著者は、そういう感覚を抱きながら、世界中様々な国の屠畜の現場を見に行く。著者はそもそも、屠畜というものに興味があり(それはそれで珍しいし、世界中あらゆる屠場で珍しがられた)、自らの関心に沿ってこの取材を続けている。そういう中で著者は、あからさまな差別を見たり、あるいは目には見えないけど微妙な線引がされているのを見たり、あるいはむしろ屠畜に携わる人が敬意を払われている状況を目にすることになる。また、著者が取材をしていた当時は、BSE問題が取り沙汰された後で、世界中で屠畜をクリーンに行うように設備や法律が改正されているところだった。そしてその余波を受ける形で、個人が屠畜することが禁じられる流れが見えてきたりもした。そうなることで、個人の技能も失われるし、さらに、「命をいただいている」ということを子供が実感できる場がなくなってしまう。モンゴルの遊牧民でさえ、貨幣文化が流れ込むことでそういう風潮から逃れることができなくなり、世界各国で屠畜というものが結果的に人目に触れない形になってしまっている現状も明らかにしていく。
著者はあとがきでこう書いている。
【本書をお読みいただければわかるように、私はただひたすら無手勝流に、不躾に、おもしろい、おもしろい、おもしろいじゃん、この仕事!!なんで嫌われてるの??と、時には顰蹙を書いながら国内外を見て回り、文化人類学の亜流的立場(のつもり)でこの本を書きはじめた。そして、現場を回るうちにだんだんと、屠畜という営みが、畜産はもちろんのこと、公衆衛生、獣医学、動物福祉、都市学などとも密接にかかわるものだということに気付かされていく。気付きはじめたところで、本書の紙数は尽きるのである。

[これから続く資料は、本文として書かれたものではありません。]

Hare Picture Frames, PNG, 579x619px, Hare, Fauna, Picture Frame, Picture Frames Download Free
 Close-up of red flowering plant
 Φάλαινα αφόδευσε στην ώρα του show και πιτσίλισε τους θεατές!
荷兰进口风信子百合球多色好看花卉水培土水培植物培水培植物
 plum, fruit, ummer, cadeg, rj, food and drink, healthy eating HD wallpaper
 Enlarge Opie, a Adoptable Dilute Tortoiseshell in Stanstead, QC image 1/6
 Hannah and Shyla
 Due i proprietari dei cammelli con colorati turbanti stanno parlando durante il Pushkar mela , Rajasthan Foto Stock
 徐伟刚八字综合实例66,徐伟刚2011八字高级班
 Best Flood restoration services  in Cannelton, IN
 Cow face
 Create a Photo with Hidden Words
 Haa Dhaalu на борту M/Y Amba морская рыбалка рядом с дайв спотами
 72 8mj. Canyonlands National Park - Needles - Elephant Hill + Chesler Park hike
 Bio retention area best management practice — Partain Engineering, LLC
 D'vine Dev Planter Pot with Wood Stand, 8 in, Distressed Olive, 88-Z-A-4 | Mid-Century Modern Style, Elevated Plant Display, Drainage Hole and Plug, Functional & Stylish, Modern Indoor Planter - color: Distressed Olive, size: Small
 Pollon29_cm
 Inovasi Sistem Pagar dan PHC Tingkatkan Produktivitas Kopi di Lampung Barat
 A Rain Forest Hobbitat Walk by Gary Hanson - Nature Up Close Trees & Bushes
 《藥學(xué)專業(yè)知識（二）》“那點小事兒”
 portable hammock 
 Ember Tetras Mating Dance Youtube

皮肉なことに、本を出したあとで、本を書いていたときよりもたくさんの出会いが続いていくことで、「もういいや」のはずだった、私の屠畜への見識と興味は、当人比ながらどんどん広がり、それなりの奥行きも出てきてしまった。孤立感も当然ながら薄まった】
著者の「おもしろいじゃん!!」という感覚は、読んでいればブワーッと伝わってくる。本当に、興味・関心と愛を持って屠畜の現場を見ているのだなと思う。なにせ、芝浦屠場には、半年以上通ってスケッチをしたというから尋常ではない。やはり、「好き」がベースになっているノンフィクションは面白いよなぁ、ということを再確認させられた作品でもありました。